= Gordon Challis =

New Zealand poet

Cecil Gordon Challis (3 July 1932 – 2 March 2018) was a New Zealand poet.

==Background==
Challis was born in a Welsh family in Birmingham, England, and raised there and in Sydney. After living for a time in Spain, he arrived in New Zealand in 1953 and worked as a postman in Wellington and studied psychology and social work at Victoria University. After working as a psychiatric social worker in Porirua Hospital 1961–62, he joined the new Hastings psychiatric unit as a psychologist. He returned to psychiatric social work in 1973, at Canberra, and retired from it in 1988, at Porirua, and moved to Nelson. During his final years, Challis lived in Golden Bay.

==Poetry==
Challis began writing poetry at Victoria University. His work was widely published in literary periodicals, especially Landfall, and in 1960 Charles Brasch nominated him as one of the four leading contenders for poetic fame in New Zealand in the coming decade. A poetic sequence, "The Oracle", was published in Landfall 60 (1961), the first poem of which subsequently appeared in Challis's collection, Building (Caxton, 1963). The intense pressures of mental health work led Challis to abandon writing poetry and, apart from translations from Spanish for Landfall, he published no poetry. After his retirement from mental health care, Challis found "to his surprise" that writing slowly began returning to him. He had new work published in The New Zealand Listener and Landfall.

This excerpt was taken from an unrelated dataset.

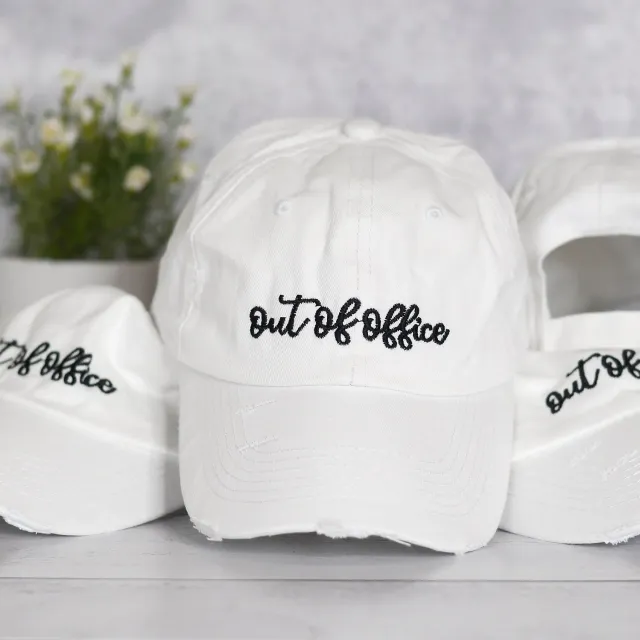 Mugsby Out of Office kasket hvid dad hat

In 2003 Challis published his second collection, The Other side of the brain and in 2009, his third collection Luck of the Bounce appeared.

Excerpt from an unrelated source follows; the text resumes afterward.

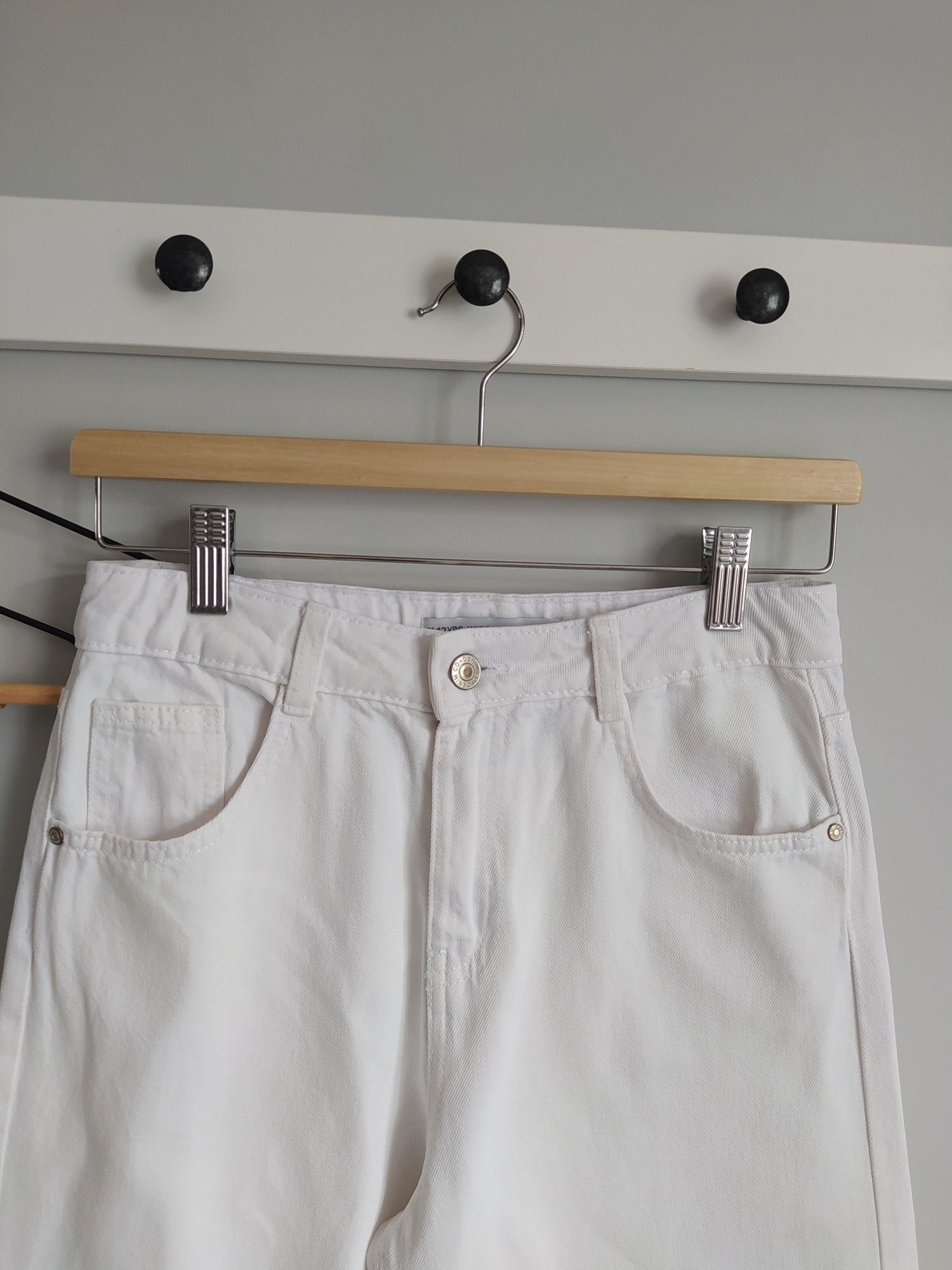 Białe dziewczęce, szerokie spodnie dżinsowe Wide Leg Denim 146-152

Challis's work has been linked with Louis Johnson (the most influential), Peter Bland and Charles Doyle, all three immigrant English poets writing in Wellington from the mid-1950s. These poets dealt with personal experience in a contemporary urban, often domestic, setting, and using modernist techniques. Andrew Mason see Challis's most enduring work as more distinctive than the work of those poets. In Building, certain poems ("The Iceman", "The Shadowless Man", "The Thermostatic Man", "The Asbestos-Suited Man in Hell" and its sequel "The Inflammable Man") explore psychological states and the development of personal identity. Others in that first collection ("The Black One", "The Sirens" and "The Oracle") are an often ironic reworking of myths or archetypes into contemporary situations. The poems are all "linguistically inventive" but "carefully crafted". Challis's poetry published in the twentieth century is characterised by an "apparent distance", almost a "clinical detachment", which "subverts the immediate or expected emotional response". "Beneath that, however, there is a deeper identification with psychological conditions that are unique to the individual yet common to humankind".

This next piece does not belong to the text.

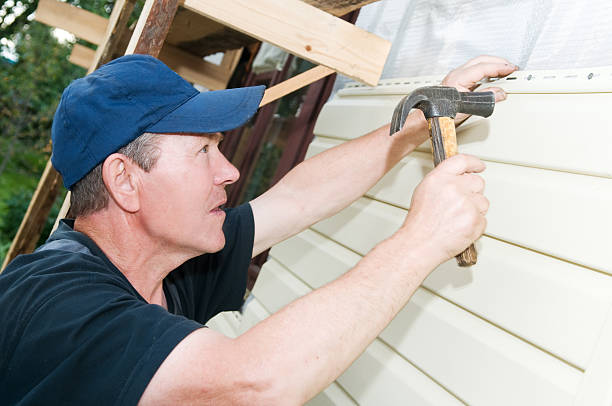Affordable siding repair and maintenance services in Wausau, WI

In his third collection, Luck of the bounce (2009), the poems became "sometimes light and quirky, often witty, occasionally self-deprecating but always compassionate". There was a satirical edge to some of the humour, but (in Challis's words) "never his intention to hurt people". He described Luck of the bounce as "part of a progression in his work" with the poems being lighter and more humorous. His earlier works were "news stories from the unconscious mind" but in his third collection they were "news stories from a more conscious kind of awareness" with direct references to local and everyday life . For example, the poem "Getting the music (on 91.4FM)" begins: Living under the hill you have to take /the luck of the bounce – /the diffractive spray from waves clipping /just the right rocks. /This is Upper Takaka /this is Golden Bay /twice as far from Nelson /as Nelson is from it. But he retained his interest in more fundamental matters as he engaged in poetry because of its "intensity of its reflection and its ability to make connections with an audience in its endeavours to fathom the human condition".

==Publications==
- Building, The Caxton Press, Christchurch, 1963.
- Other side of the brain, Steele Roberts, Wellington, 2003.
- Luck of the bounce, Steele Roberts, Wellington, 2009.